La UPR informó sobre estos hallazgos tras la publicación de datos por parte del Servicio Geológico de Estados Unidos (USGS) del proyecto ‘Cambios Costeros en once municipios de la costa norte de Puerto Rico’ (2022-2023).
El proyecto, liderado por los geólogos Maritza Barreto Orta y Kevián Pérez Valentín, con la colaboración de la oceanógrafa Legna Torres García, recibió una subvención de 499.000 dólares para su desarrollo durante dos años.

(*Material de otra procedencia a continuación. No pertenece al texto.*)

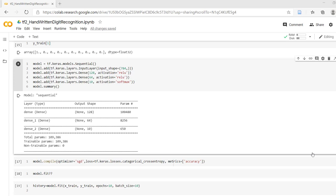Hello everyone. In this video we will see what is meant by validation dataset while working with neural networks.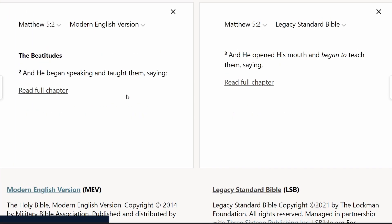In Matthew 5:2, the Modern English Version says, 'he began speaking and taught them saying,' whereas in the Legacy Standard Bible it says, 'he opened his mouth and began to teach them saying.' I think 'he opened his mouth' is a more literal rendering, whereas 'he began speaking' renders it in a more expressive English way — conveying the general idea of what 'opened his mouth' means. So in terms of literalness, it is trying to be more word for word, but it's not super literal. It's not maybe as rigid as some translations — a little bit more flexible in some ways. It is a literal translation on the spectrum, but not necessarily the most literal.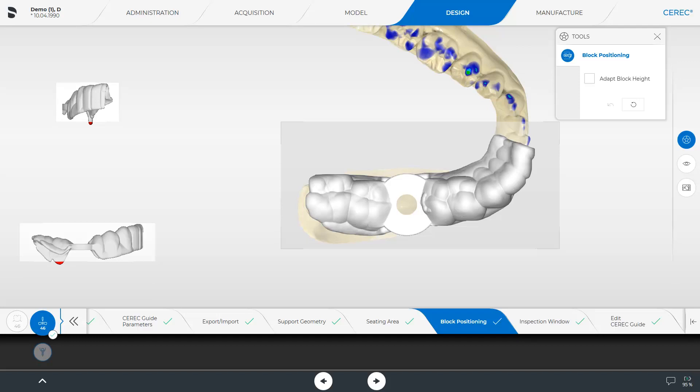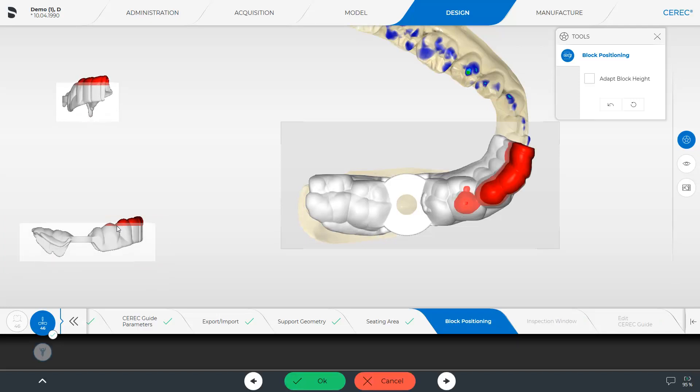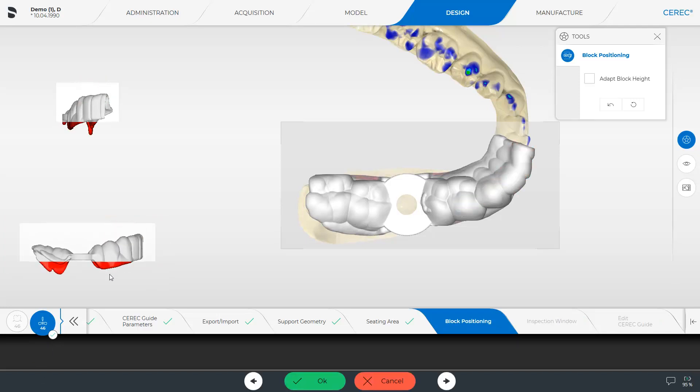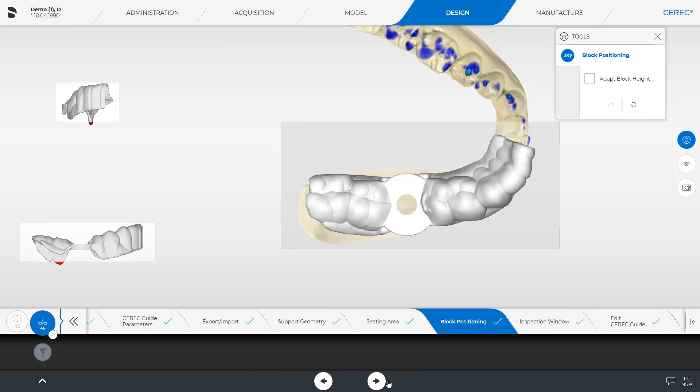As an example, we move the guide in the buccal view. Using the areas marked in red, you can see when the guide is no longer positioned within the block, and would therefore be cut off or not milled at these points. This time, we discard the changes and click Cancel. Now the guide is back in the position suggested by the software, and we switch to the next step, Inspection Window.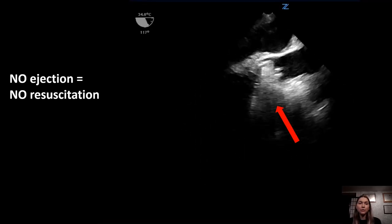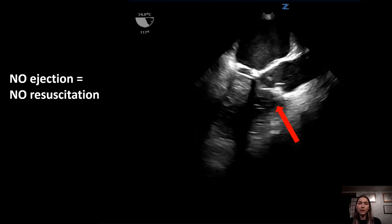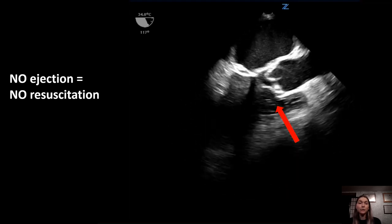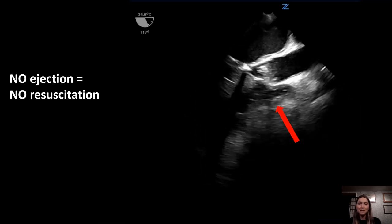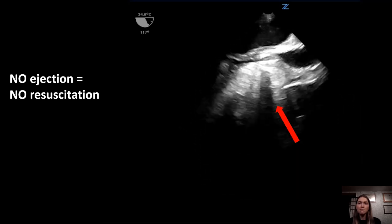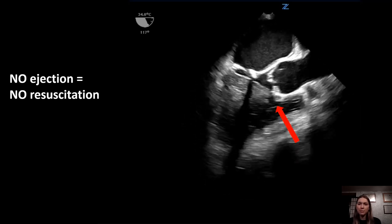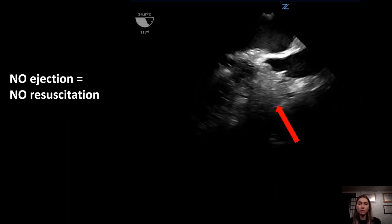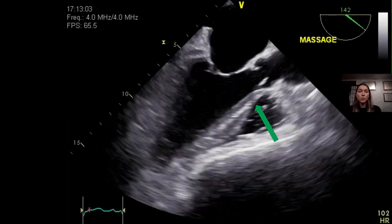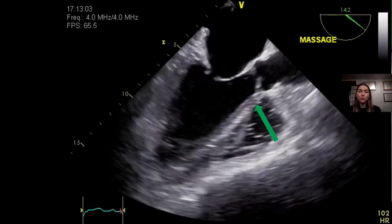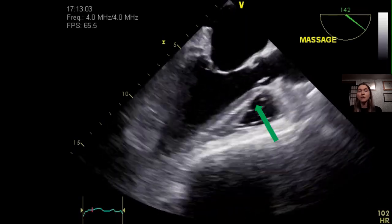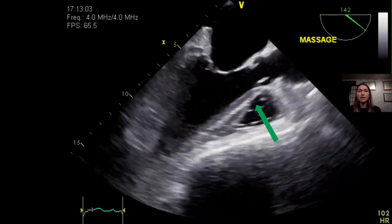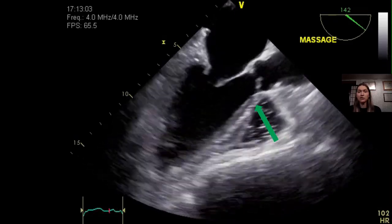In order to avoid complete obstruction of the LVOT and preclude resuscitation success, CPR quality must be monitored whenever possible, and TEE is an excellent monitoring tool for this purpose. The first goal is to make sure that the LVOT and aortic valve open during the compression phase to allow LVOT ejection.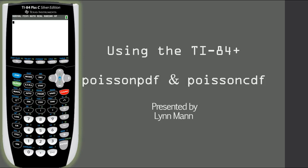Greetings and welcome to using the TI-84 Plus. I'm your presenter Lynn Mann. We'll be covering Poisson PDF and Poisson CDF.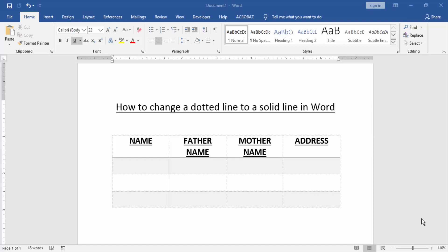Assalamualaikum, hello friends, how are you? Welcome back to our new video. In this video I am going to show you how to change a dotted line to a solid line in Word. Let's get started. At first we have to open a Word document and take a table. Now we can see here this table has dotted lines.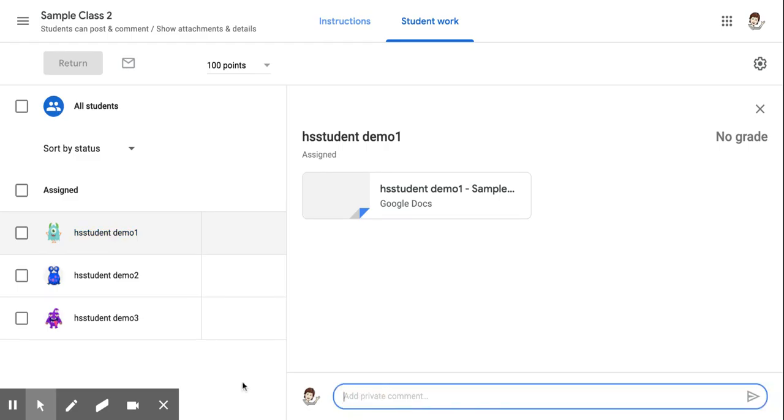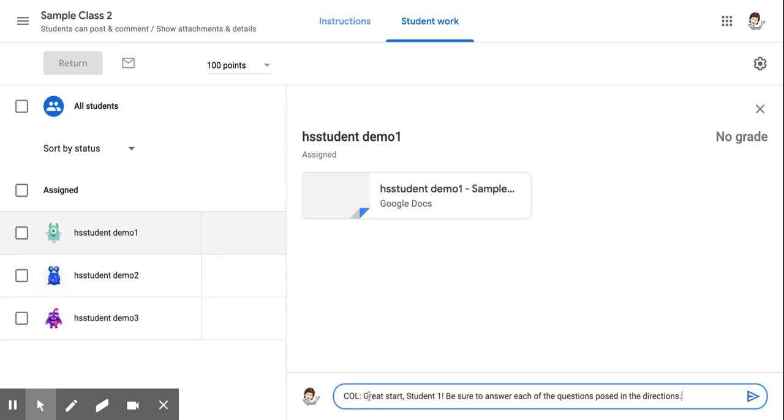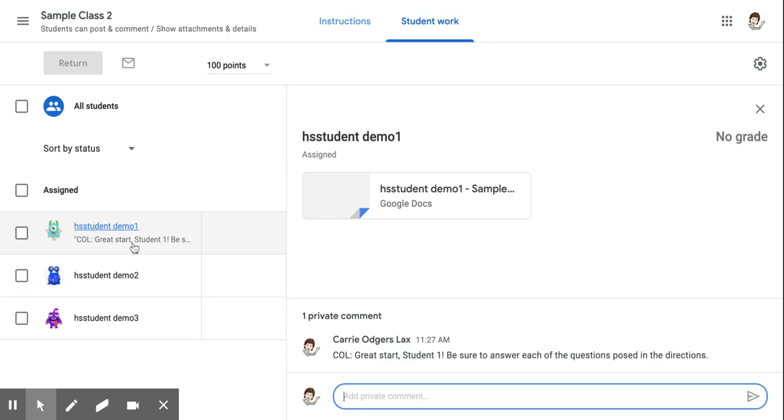Now, private comments after they're submitted are going to be viewable under the students' names. So I like to start my private comments with my initials so that when they're posted, I can tell at a glance whether the last person to respond was me or the student.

Barreto Orta destacó la importancia de estos resultados como una advertencia sobre la necesidad de mejorar las estrategias de adaptación y planificación costera.
“Los hallazgos confirman la continuidad de la erosión costera en Puerto Rico y subrayan la urgencia de integrar esta información en la planificación territorial”, afirmó Barreto Orta.
La investigación utilizó herramientas geoespaciales para evaluar cambios en el ancho de las playas y el desplazamiento de la línea de costa entre 2018 y 2023 en municipios como Rincón, Aguadilla, Isabela, entre otros.
El objetivo fue identificar áreas de erosión y acreción, así como otros cambios que permitan comprender la exposición de estas comunidades a los efectos del cambio climático y eventos extremos.
El estudio encontró que el 75% de los transectos de playa analizados mostraron erosión, con reducciones en el ancho de la playa que variaron entre 0,01 y 92 metros. Solo el 25% mostró acreción, con aumentos de hasta 154 metros.
Además, se observó un proceso de fragmentación de las playas debido a vegetación, afloramientos rocosos e infraestructura, lo que aumenta la vulnerabilidad de las comunidades costeras.
El desplazamiento de la línea de costa hacia el interior fue el cambio más común entre 2018 y 2023, con desplazamientos menores de 15 metros, aunque los cambios más significativos se asociaron a marejadas invernales.
La investigación también concluyó que las estructuras en la zona costera afectan directamente el ancho de las playas.